▸ **What is needed**
For this exercise, write out the full listing that follows exactly and skip its pictures.
___ Exercise data
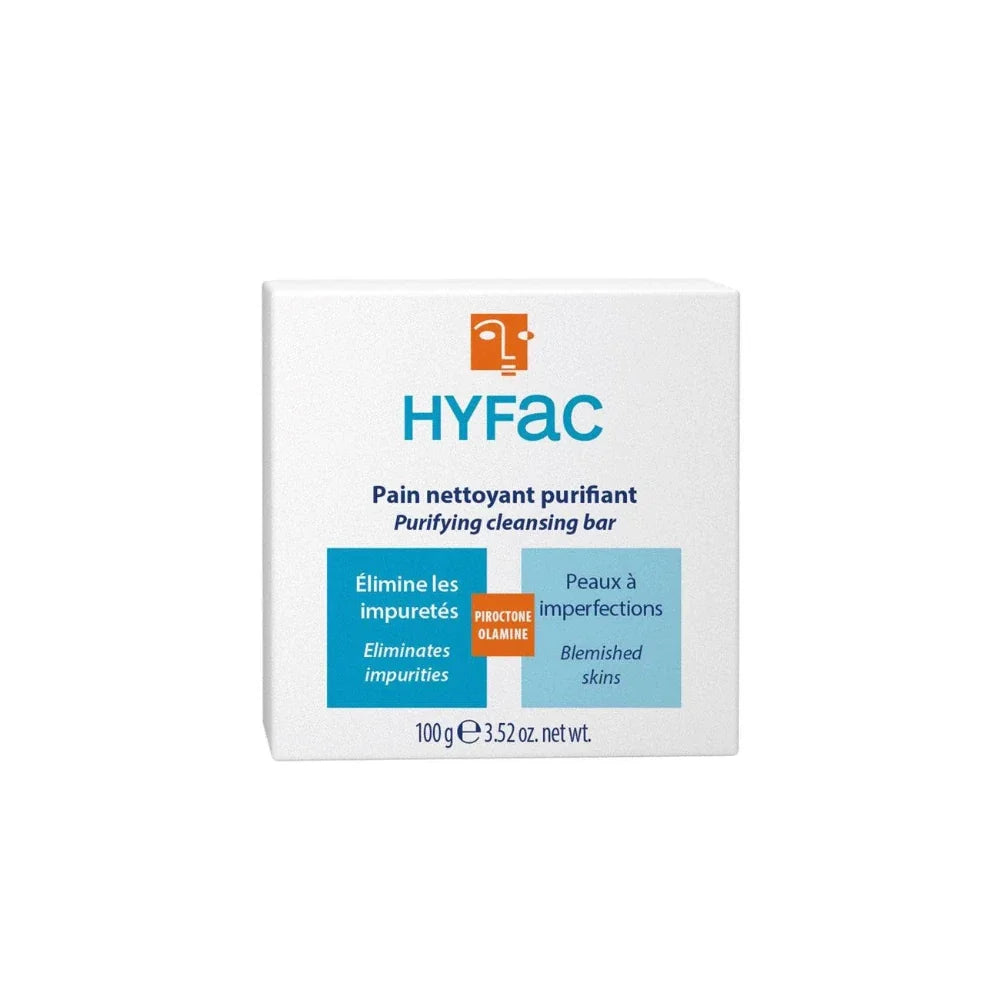 Hyfac Pain Nettoyant Purifiant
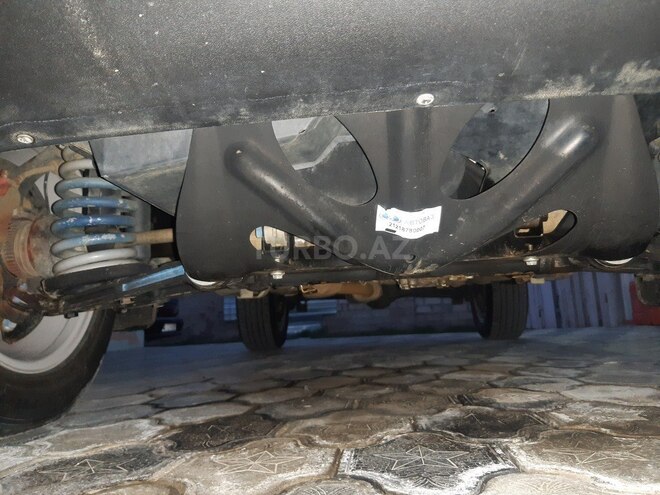 Chevrolet Niva 2019, 39,000 km - 1.7 l - Bərdə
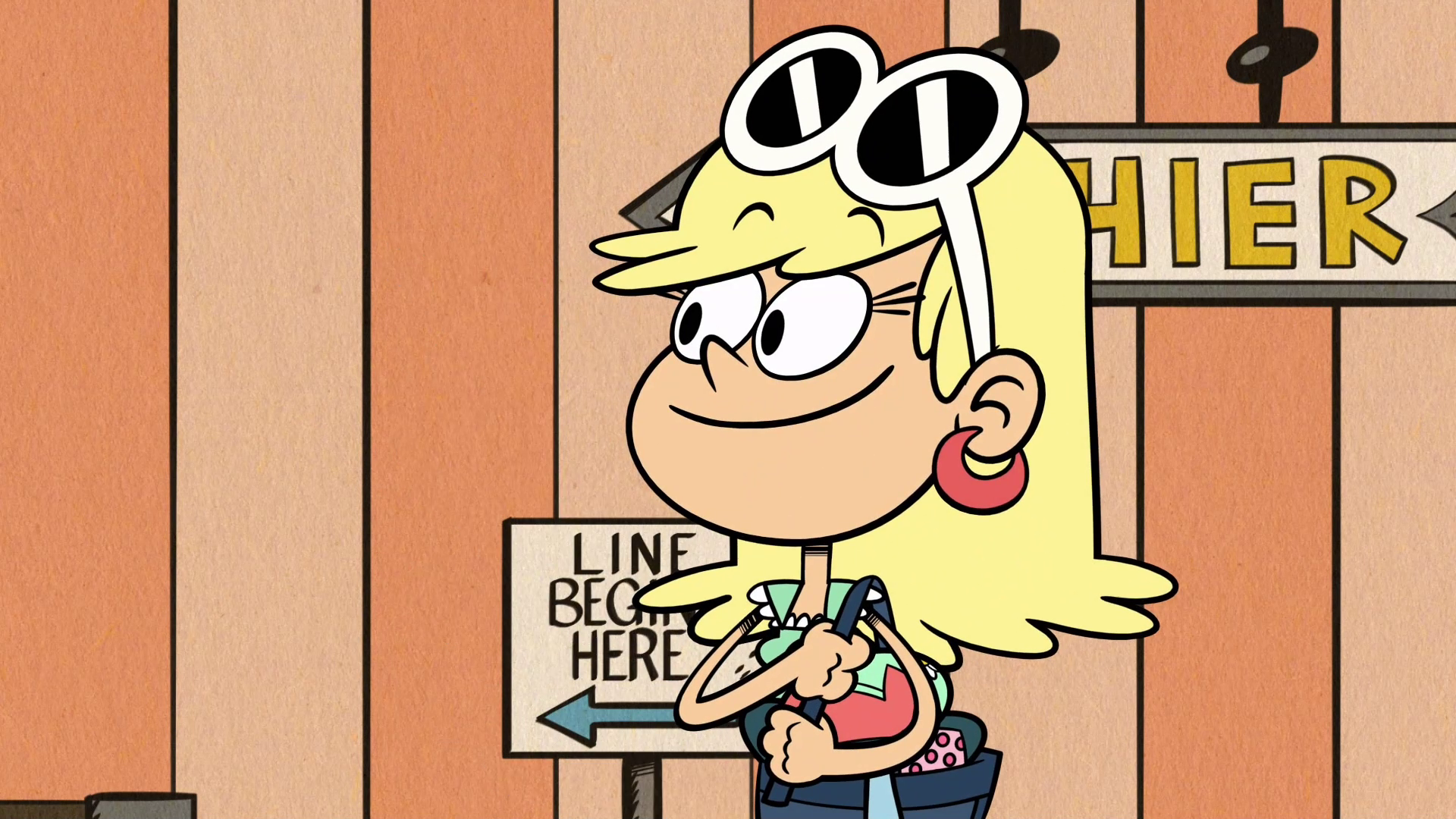 Image S3E11B Leni Smiles png The Loud House Image S3E11B Leni Smiles png The Loud House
______
▸ **Expected answer**
 Hyfac Pain Nettoyant Purifiant
 Chevrolet Niva 2019, 39,000 km - 1.7 l - Bərdə
 Image S3E11B Leni Smiles png The Loud House Image S3E11B Leni Smiles png The Loud House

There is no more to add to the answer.